Broadly speaking, Russian art and literature may be described as
springing from an ethical impulse and as having for their motive power
and _raison d'etre_ the tendency toward socio-political reform, in
contradistinction to the art and literature of Western culture, whose
motives and aims are primarily of an aesthetic nature and seek in art the
reconciliation of the dualism between spirit and matter.

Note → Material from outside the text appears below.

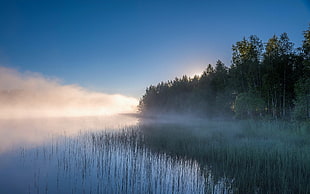 green trees and blue body of water, landscape, nature, lake, mist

Dostoievsky, whom Merejkovsky describes somewhere as the man with the
never-young face, the face "with its shadows of suffering and its
wrinkles of sunken-in cheeks . . . but that which gives to this face its
most tortured expression is its seeming immobility, the suddenly
interrupted impulse, the life hardened into a stone:" this Dostoievsky
and particularly his _Rodion Raskolnikov_ cycle became a profound
artistic experience to Rilke. The poor, the outcasts, the homeless ones
received for him a new significance, the significance of the isolated
figure placed in the mighty everchanging current of a life in which this
figure stands strong and solitary. In the poem entitled _Pont Du
Carrousel_, written in Paris a few years later, Rilke has visioned the
blind beggar aloof amid the fluctuating crowds of the metropolis.
Of Russia and its influence upon him, Rilke writes: "Russia became for
me the reality and the deep daily realization that reality is something
that comes infinitely slowly to those who have patience. Russia is the
country where men are solitary, each one with a world within himself,
each one profound in his humbleness and without fear of humiliating
himself, and because of that truly pious.